MIKTA dan Hubungan Indonesia – Australia

MIKTA, sebuah organisasi internasional yang berasal dari huruf depan ke lima negara pesertanya.

oleh Liputan6 diperbarui 13 Jul 2015, 11:30 WIB
Diterbitkan 13 Jul 2015, 11:30 WIB
MIKTA dan hubungan Indonesia – Australia
MIKTA, sebuah organisasi internasional yang berasal dari huruf depan ke lima negara pesertanya.

Citizen6, Jakarta Dua tahun lalu, September 2013, Lima negara, Meksiko, Indonesia, Korea Selatan, Turki dan Australia, bertemu di sela-sela pertemuan para menteri luar negeri di Gedung PBB New York. Mereka sepakat membentuk MIKTA, sebuah organisasi internasional yang berasal dari huruf depan ke lima negara pesertanya.

Organisasi ini diharapkan dapat membuat ikatan hubungan internasional antar ke lima negara ini meningkat. Tentu saja, hubungan kelima negara ini, agak sedikit aneh dan mengundang pertanyaan. Kepentingan nasional apa yang menyebabkan kelima negara ini sepakat untuk membentuk sebuah organisasi.

Akhir Juni lalu, tujuh wartawan dari negara-negara MIKTA melakukan kunjungan ke tiga kota di Australia, Sydney, Canberra dan Melbourne. Dalam sebuah diskusi mengenai MIKTA di Australian University di Canberra , Menlu Australia, Julie Bishop menyebutkan alasan kerjasama kelima negara ini

We are nations of influence in our respective geographic regions. While each nation has different, although complementary, priorities it is evident that MIKTA brings greater weight together – as a group - than what could be achieved by acting alone. For example, the combined GDP of MIKTA countries is over $5.8 trillion, about eight per cent of the world’s economy and this share is expected to grow. “

Jadi dapat digambarkan, kelima negara ini paling tidak memiliki pengaruh dikawasannya masing-masing, seperti Indonesia yang memiliki pengaruh kuat di kawasan Asia Tenggara.
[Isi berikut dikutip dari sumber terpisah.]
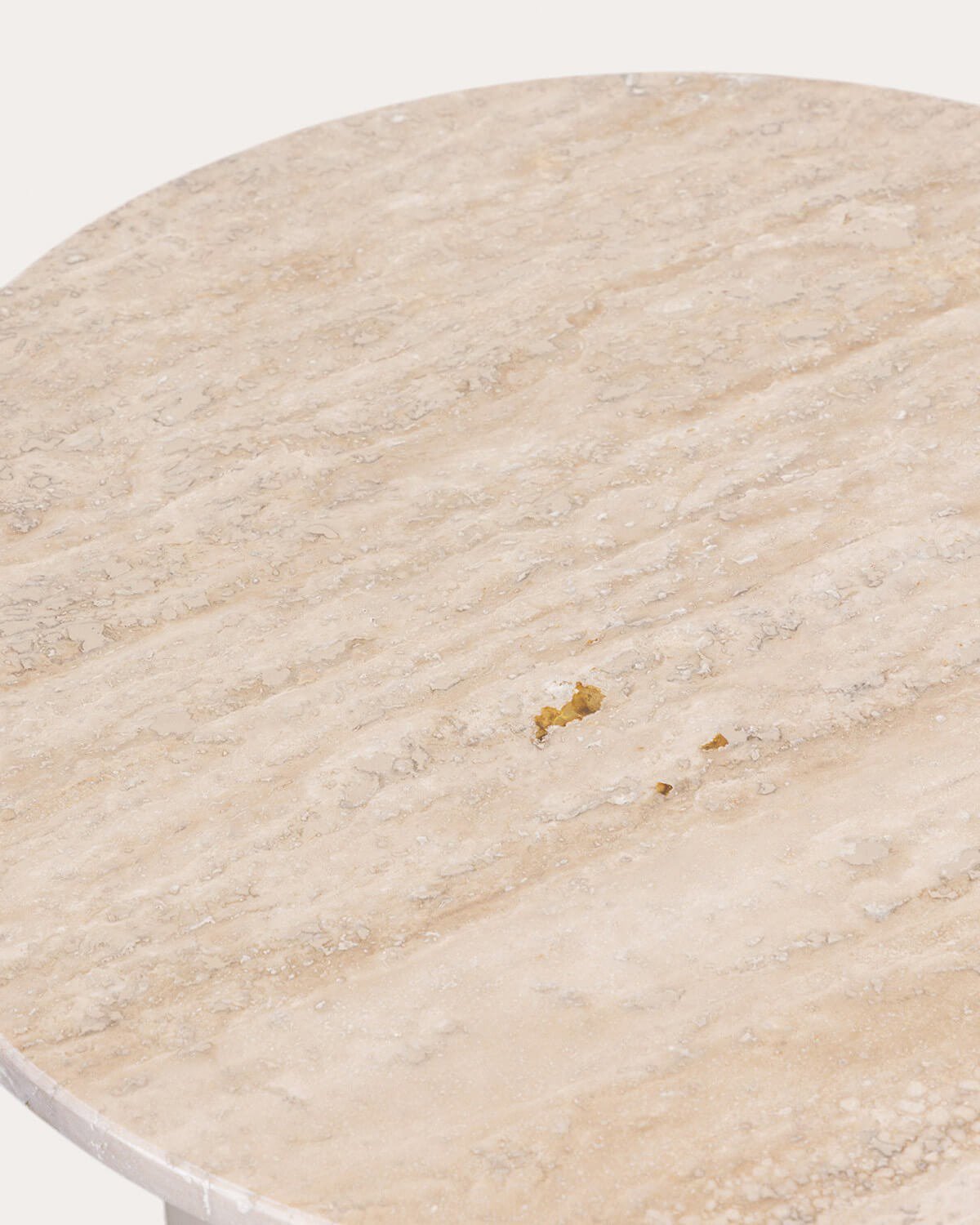 Round Travertine Marble and Metal Side Table (Ø45 cm) Meryn, gallery image 5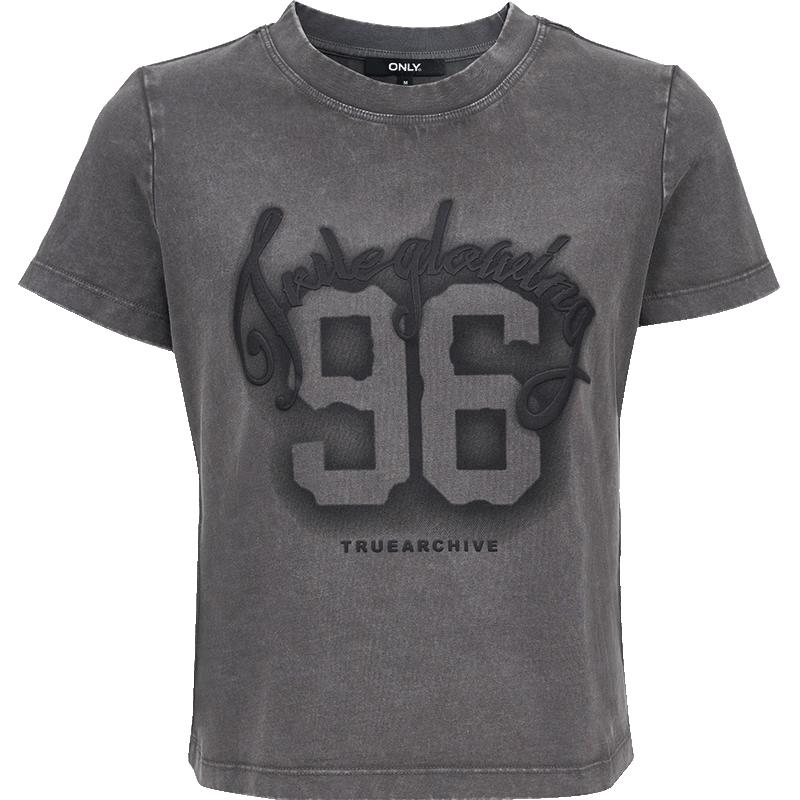 ONLY Women s Distressed Numeric Print T-shirt S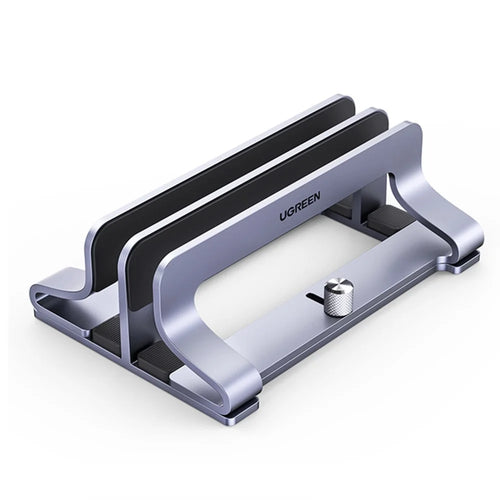 UGREEN 60643 Vertical Desktop Laptop Stand Dual Slot Aluminum Tablet Holder for MacBook Air Pro PC Anti-scratch Adjustable Notebook Rack with Silicone Pads - 1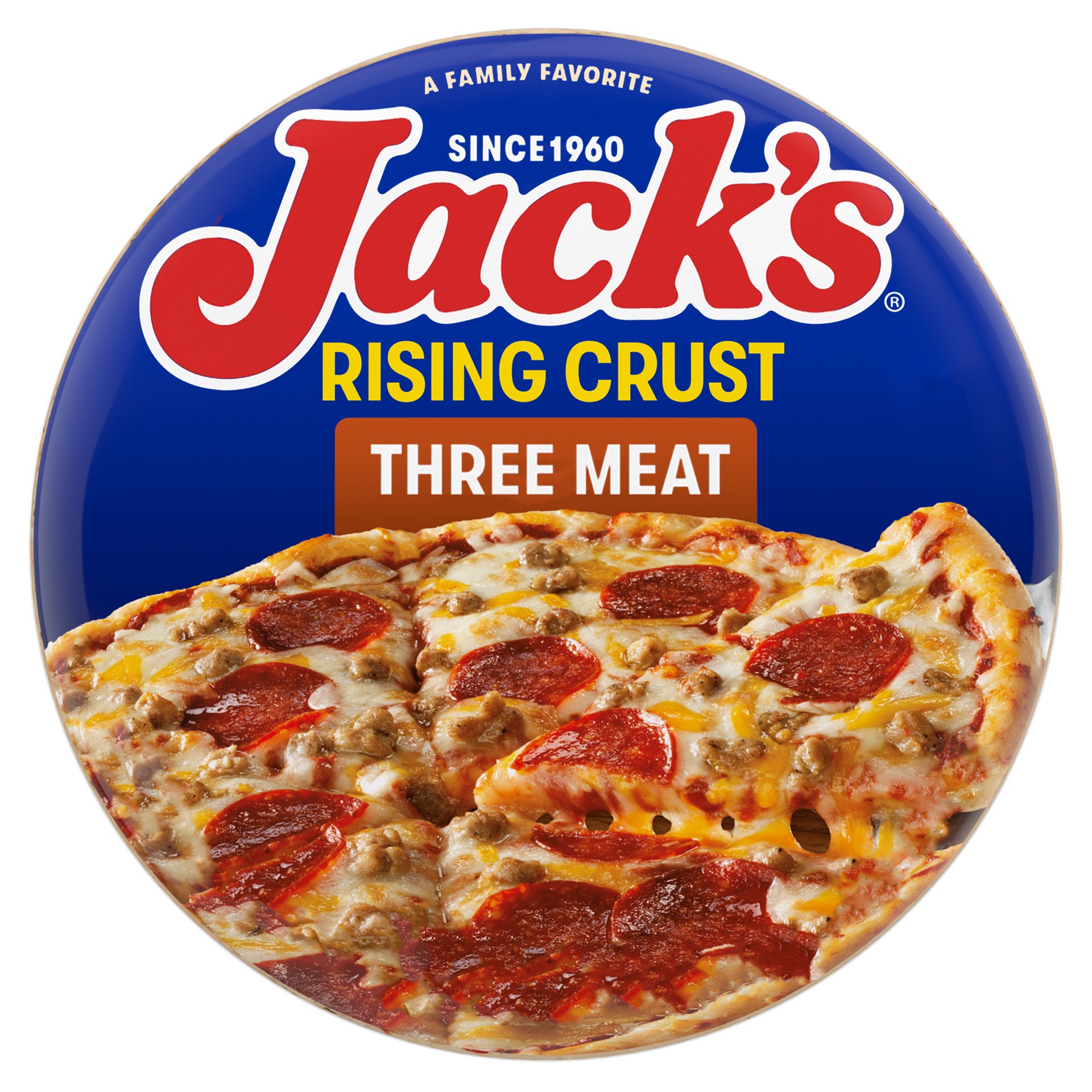 slide 1 of 3, Jack's Rising Crust Three Meat Frozen Pizza, 27.10 oz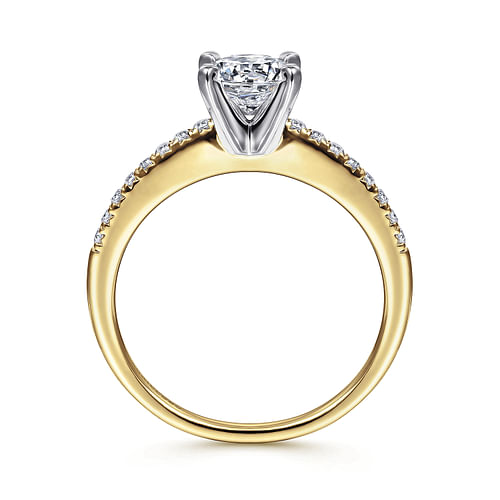 Kelly - 14K White-Yellow Gold Round Diamond Engagement Ring - 0.15 ct - Shot 2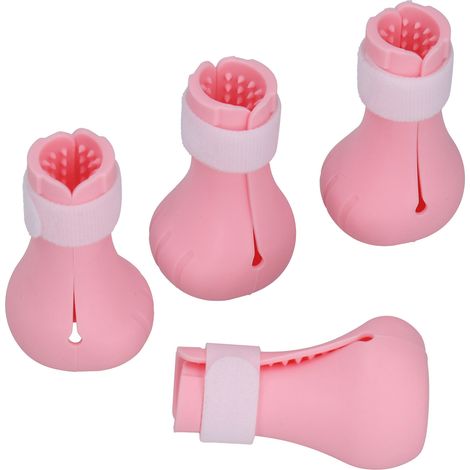 Chaussons en Silicone pour Chats - Protège-Griffes et Pattes pour Bain et Toilettage (Rose) (1/5)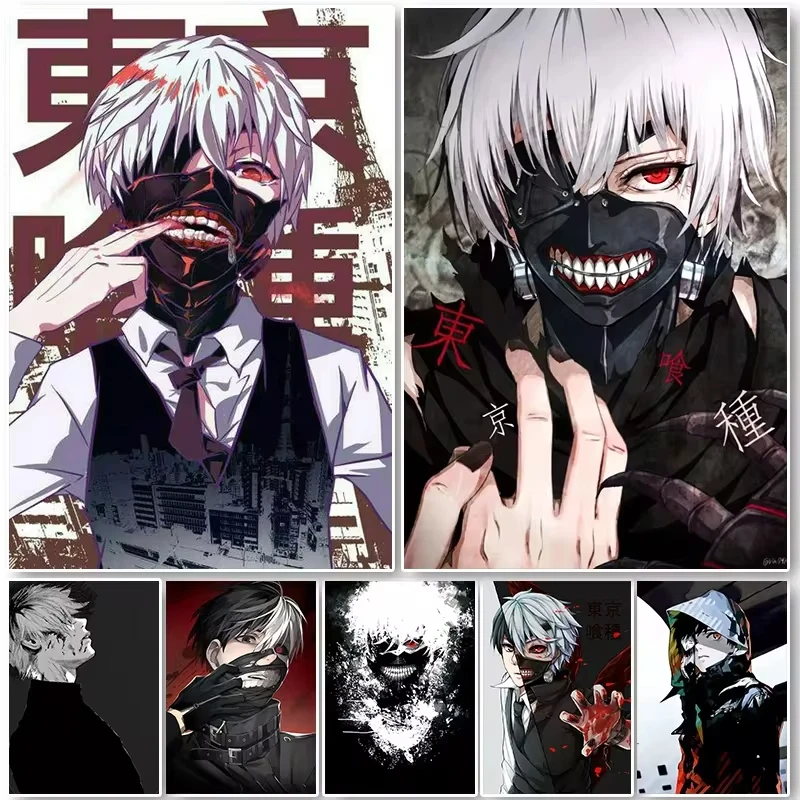 Japanese Anime Tokyo Ghoul High Popularity Cartoon Kaneki Ken Canvas Painting Posters Prints Wall Art Pictures Room Home Decor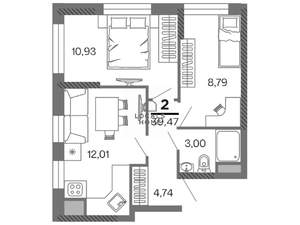 2-к квартира, вторичка, 39м2, 15/25 этаж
Meski ke lima negara memiliki banyak perbedaan, tapi menurut pandangan Bishop ke limanya bisa saling melengkapi.

Apalagi, total PDB gabungan ke lima negara ini sekitar delapat persen dari ekonomi dunia dan diharapkan akan terus berkembang. Dalam pertemuan khusus dengan para wartawan MIKTA, termasuk wartawan Liputan 6 SCTV, Raymond Kaya di Canberra, Julie Bishop menekankan keindahan dari MIKTA adalah hubungan antar negara anggotanya yang bersifat informal dan fleksibel. Pandangan Bishop ini bisa dimengerti sebab masing-masing negara memiliki masalah ekonomi dan politik internasional dengan negara-engara di kawasannya. Soal Turki dengan Eropa, Meksiko dengan Amerika Serikat, Indonesia dengan Asean dan Korea Selatan dengan tetangganya RRT dan Jepang .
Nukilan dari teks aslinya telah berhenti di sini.